WORK REQUIRED:
Without pictures, retype the following entries exactly.

PROVIDED DATA:
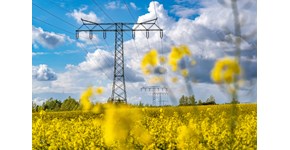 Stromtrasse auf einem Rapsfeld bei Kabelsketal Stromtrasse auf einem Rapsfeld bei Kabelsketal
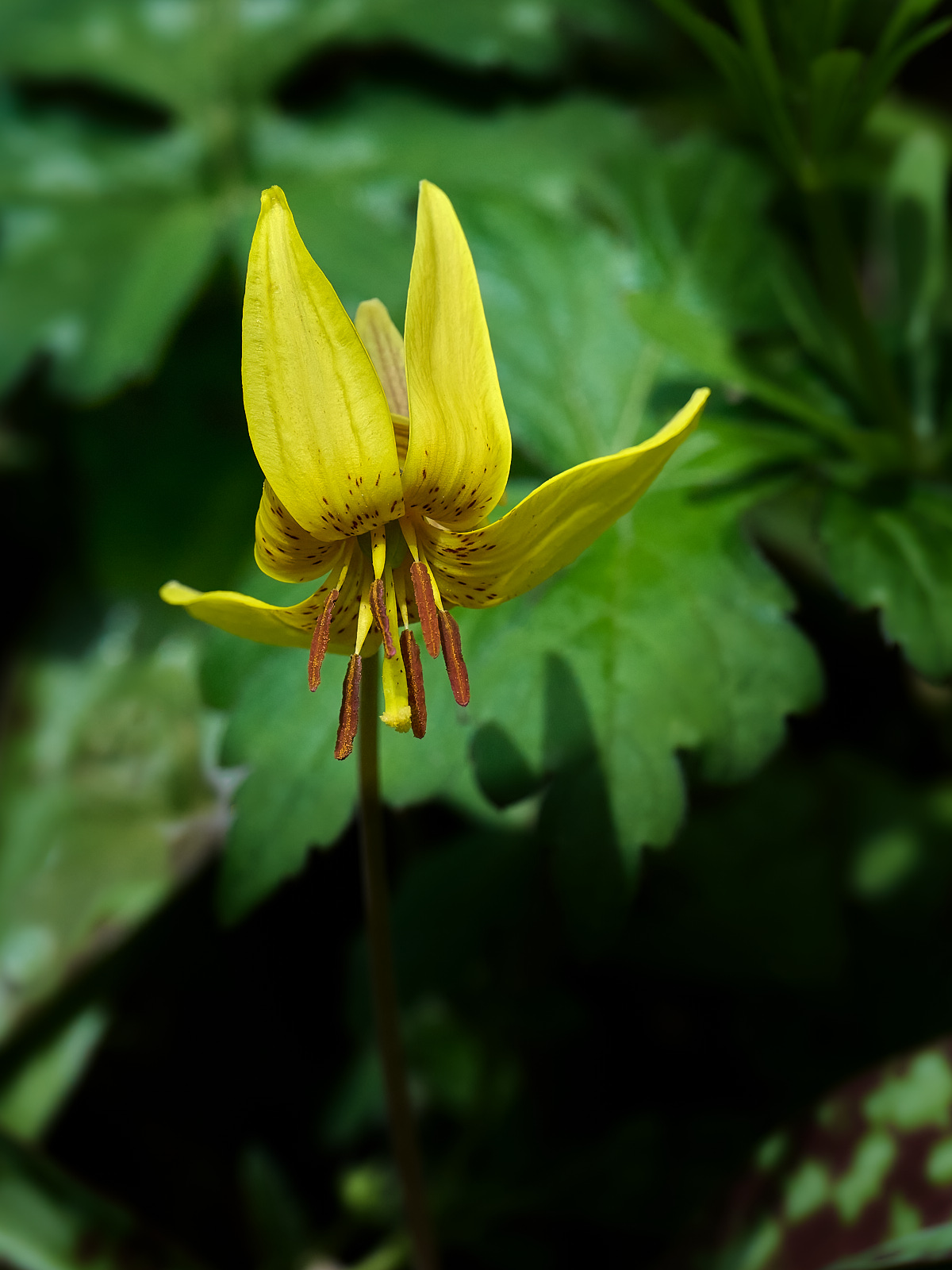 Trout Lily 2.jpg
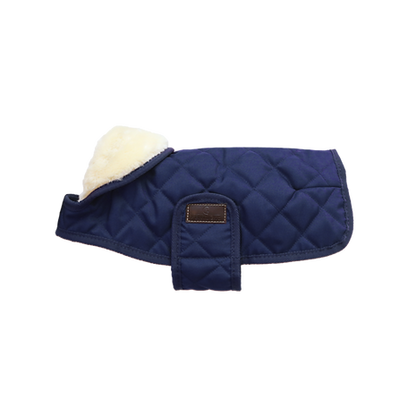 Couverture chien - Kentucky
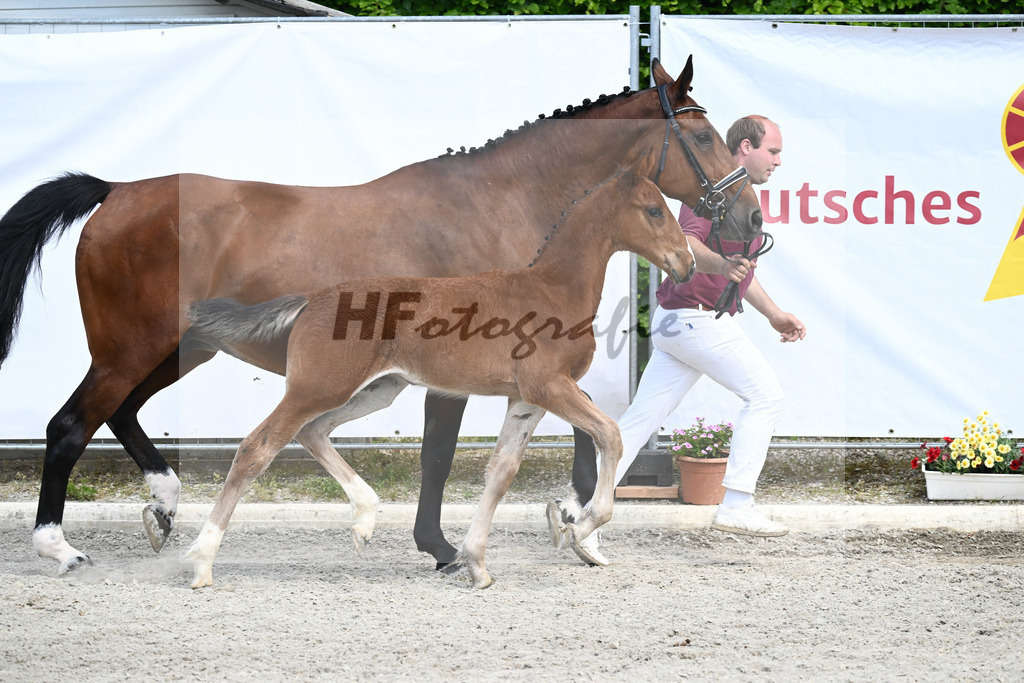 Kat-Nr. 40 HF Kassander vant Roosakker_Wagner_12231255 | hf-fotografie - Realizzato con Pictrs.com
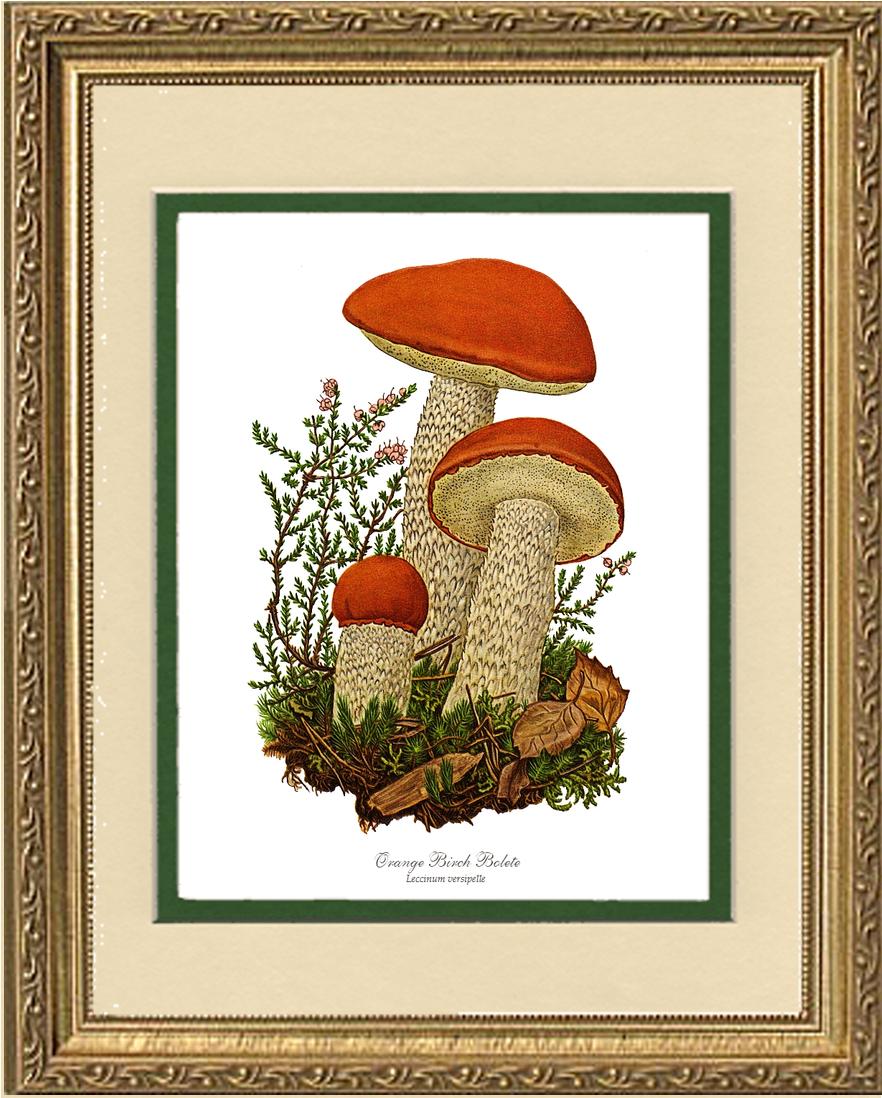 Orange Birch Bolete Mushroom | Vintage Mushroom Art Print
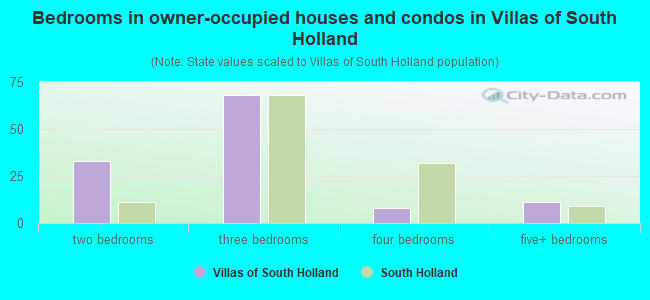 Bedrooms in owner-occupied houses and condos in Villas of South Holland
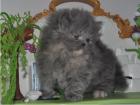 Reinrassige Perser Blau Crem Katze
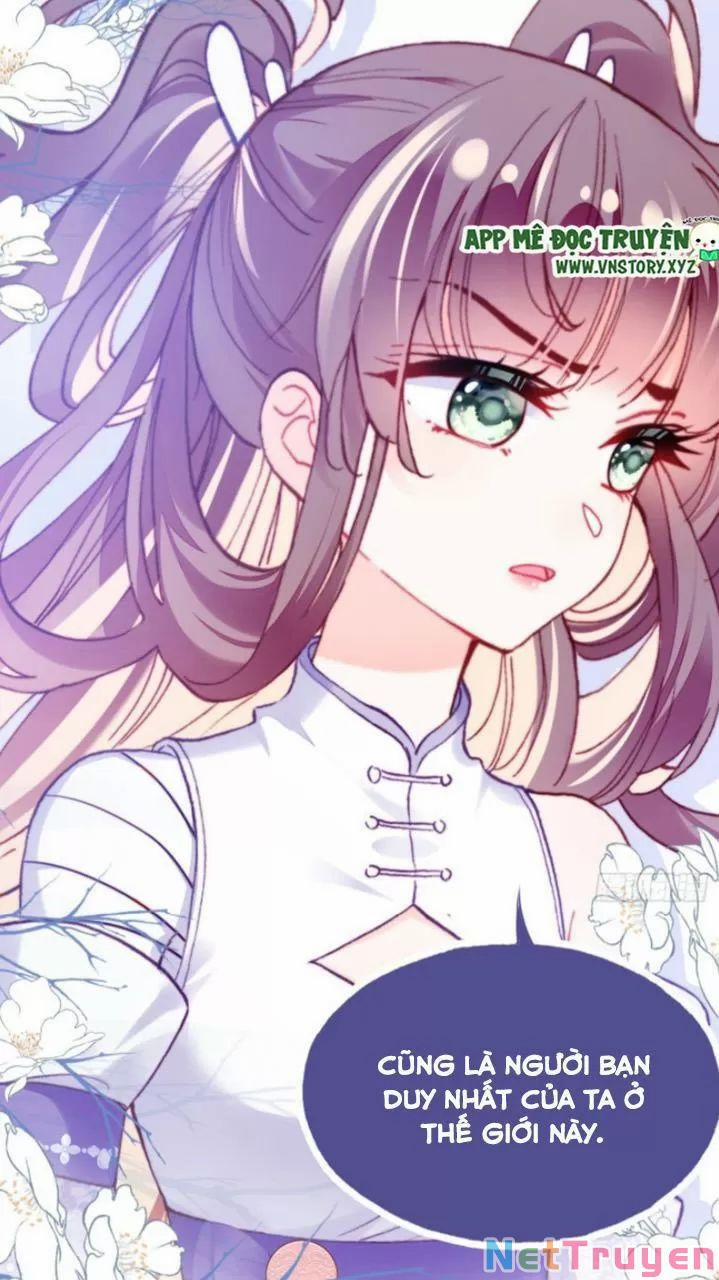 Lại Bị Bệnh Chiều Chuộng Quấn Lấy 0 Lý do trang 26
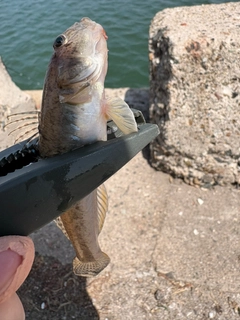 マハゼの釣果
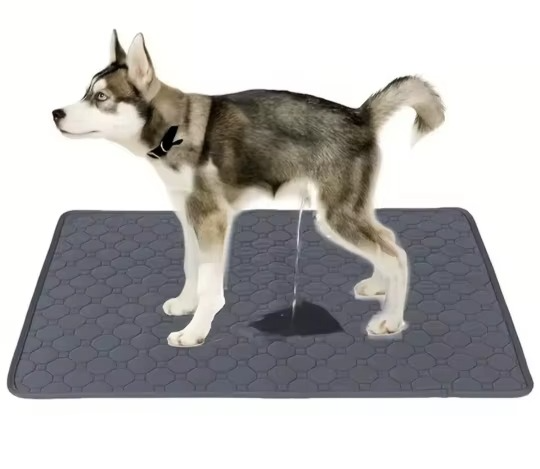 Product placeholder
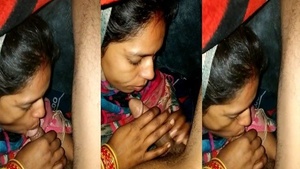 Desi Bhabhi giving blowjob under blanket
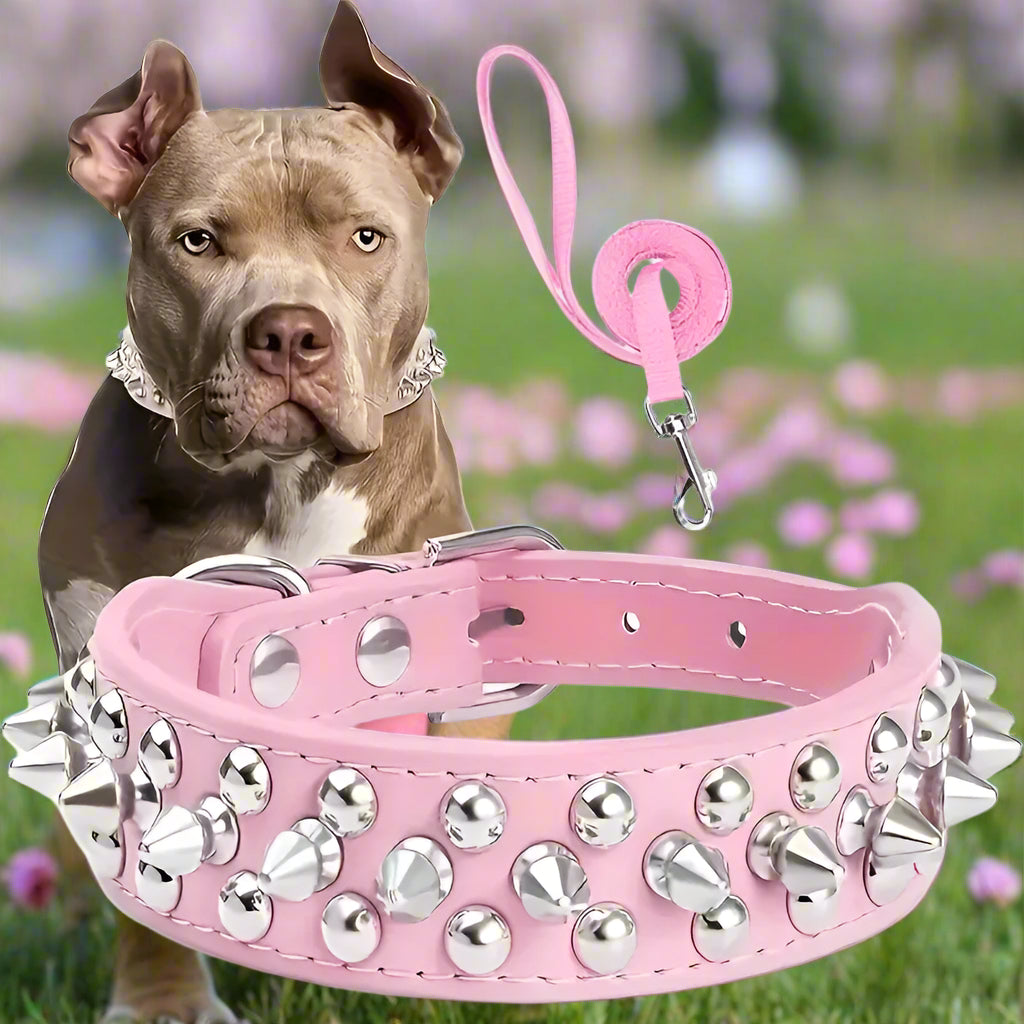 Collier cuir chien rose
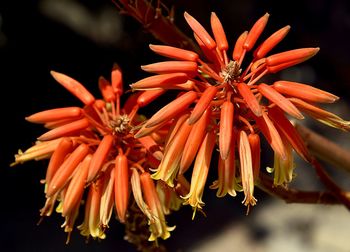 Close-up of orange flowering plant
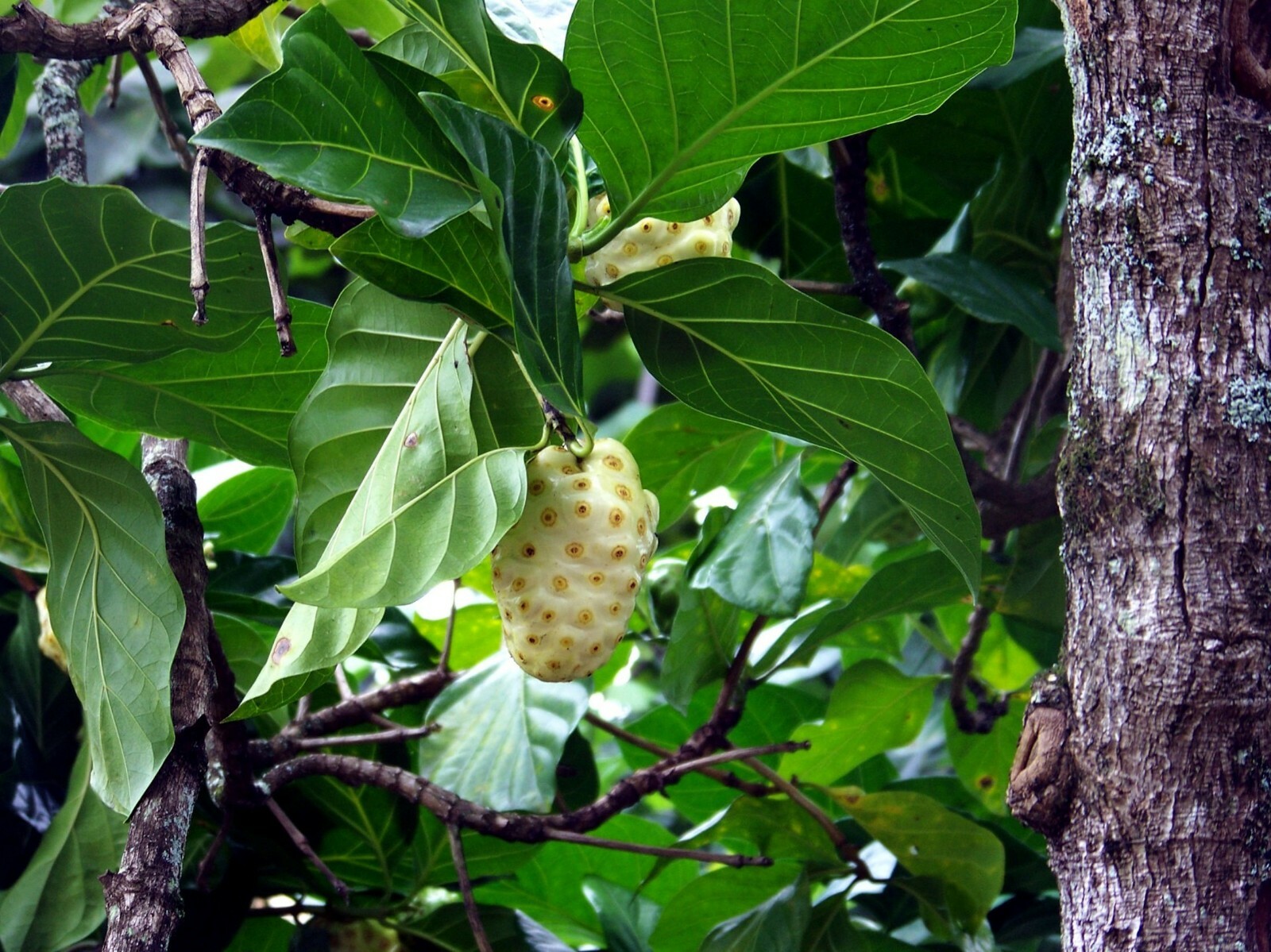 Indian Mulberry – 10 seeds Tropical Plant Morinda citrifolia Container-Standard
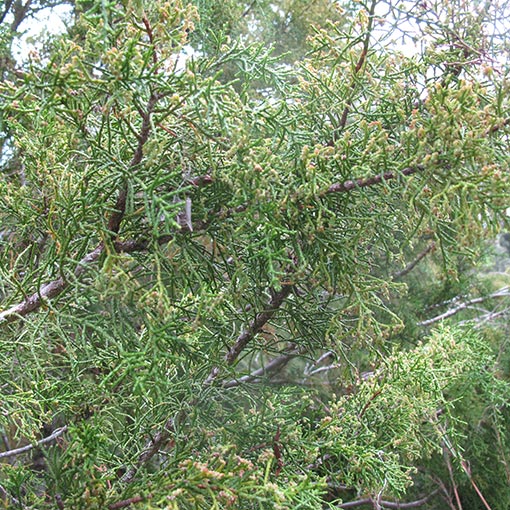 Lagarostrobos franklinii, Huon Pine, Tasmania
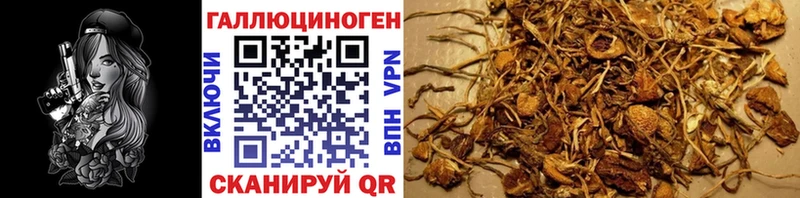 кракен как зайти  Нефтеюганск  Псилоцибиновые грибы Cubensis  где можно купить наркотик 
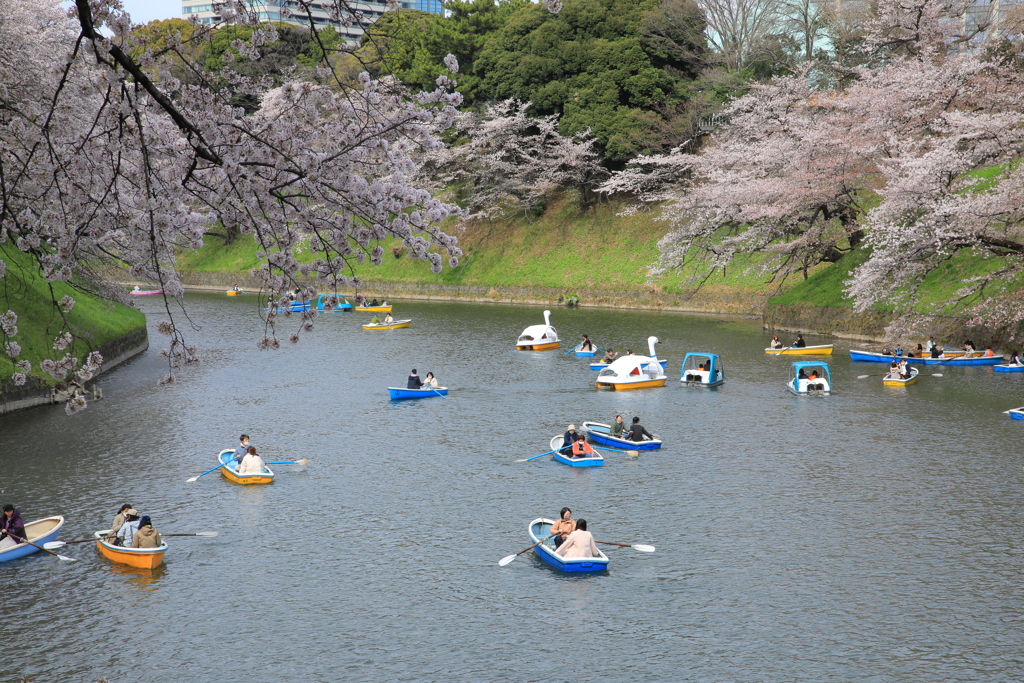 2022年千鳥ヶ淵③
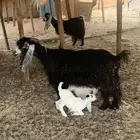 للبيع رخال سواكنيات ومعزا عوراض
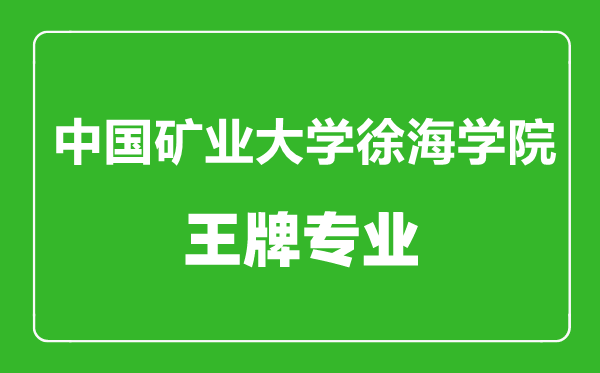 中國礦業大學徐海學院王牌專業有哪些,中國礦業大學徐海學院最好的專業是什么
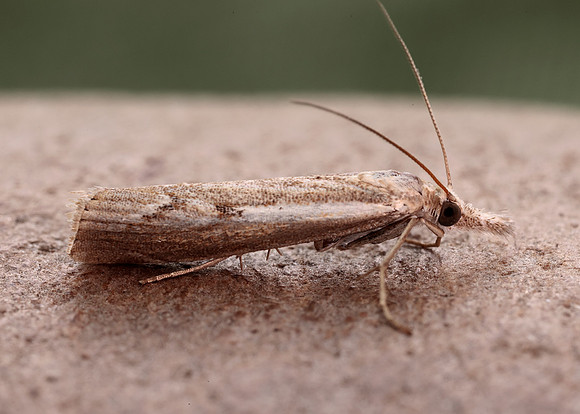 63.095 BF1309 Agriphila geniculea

EXERCISE ANSWER:
 Stromtrasse auf einem Rapsfeld bei Kabelsketal Stromtrasse auf einem Rapsfeld bei Kabelsketal
 Trout Lily 2.jpg
 Couverture chien - Kentucky
 Kat-Nr. 40 HF Kassander vant Roosakker_Wagner_12231255 | hf-fotografie - Realizzato con Pictrs.com
 Orange Birch Bolete Mushroom | Vintage Mushroom Art Print
 Bedrooms in owner-occupied houses and condos in Villas of South Holland
 Reinrassige Perser Blau Crem Katze
 Lại Bị Bệnh Chiều Chuộng Quấn Lấy 0 Lý do trang 26
 マハゼの釣果
 Product placeholder
 Desi Bhabhi giving blowjob under blanket
 Collier cuir chien rose
 Close-up of orange flowering plant
 Indian Mulberry – 10 seeds Tropical Plant Morinda citrifolia Container-Standard
 Lagarostrobos franklinii, Huon Pine, Tasmania
 кракен как зайти  Нефтеюганск  Псилоцибиновые грибы Cubensis  где можно купить наркотик 
 2022年千鳥ヶ淵③
 للبيع رخال سواكنيات ومعزا عوراض
 中國礦業大學徐海學院王牌專業有哪些,中國礦業大學徐海學院最好的專業是什么
 63.095 BF1309 Agriphila geniculea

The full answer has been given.